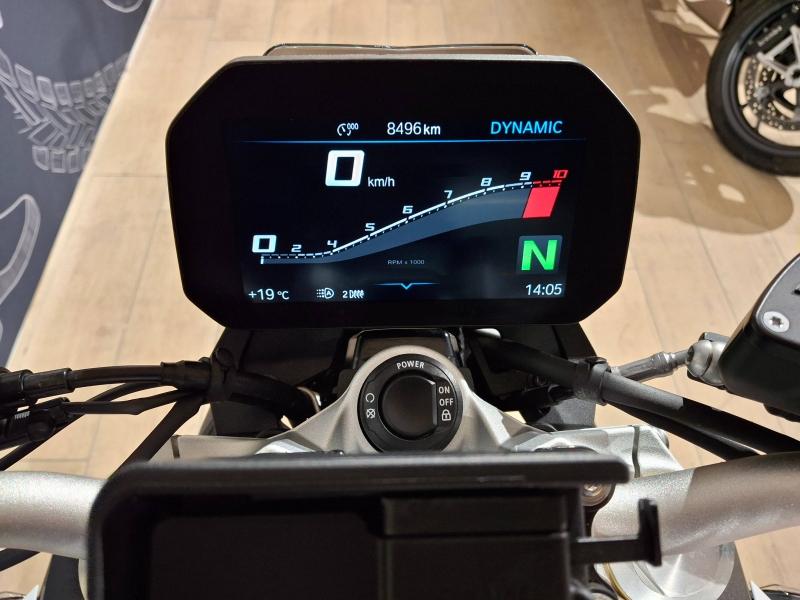 Image BMW F F 900 R A2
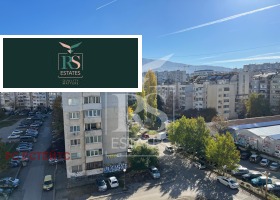 Дава под Наем 3-СТАЕН | Imot.bg — малка снимка 6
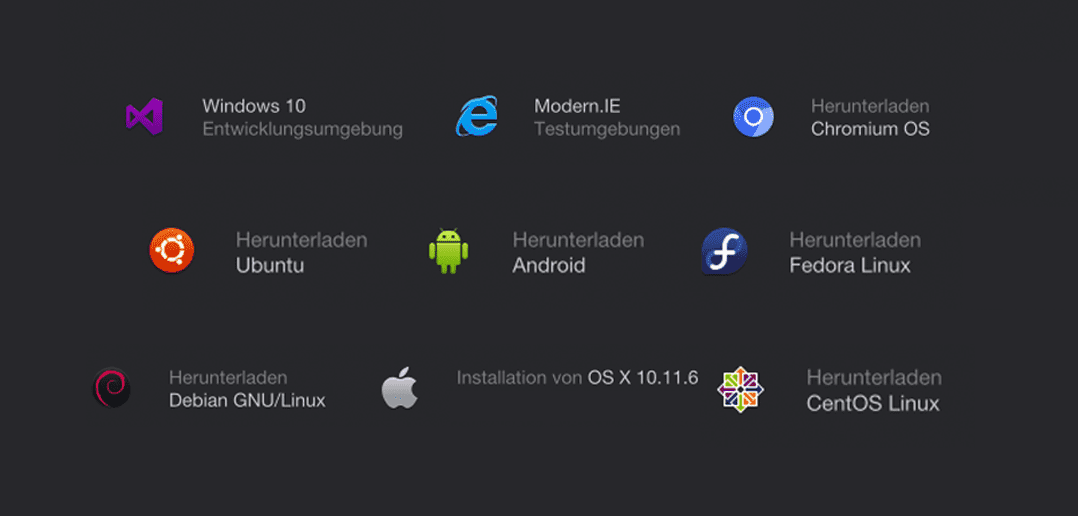 Removing Support for Windows XP Users (Studio Only) - Announcements - Developer Forum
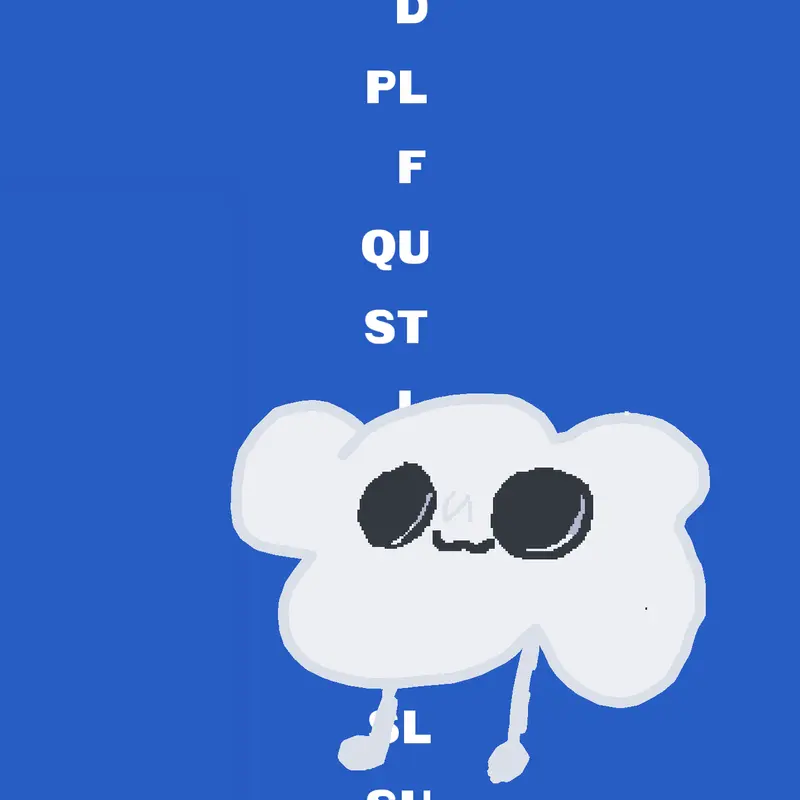 Game by @Marshmallow_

> What is needed
Only the text of the listing above is wanted, transcribed exactly, without its images.

> The completed task
 Image BMW F F 900 R A2
 Дава под Наем 3-СТАЕН | Imot.bg — малка снимка 6
 Removing Support for Windows XP Users (Studio Only) - Announcements - Developer Forum
 Game by @Marshmallow_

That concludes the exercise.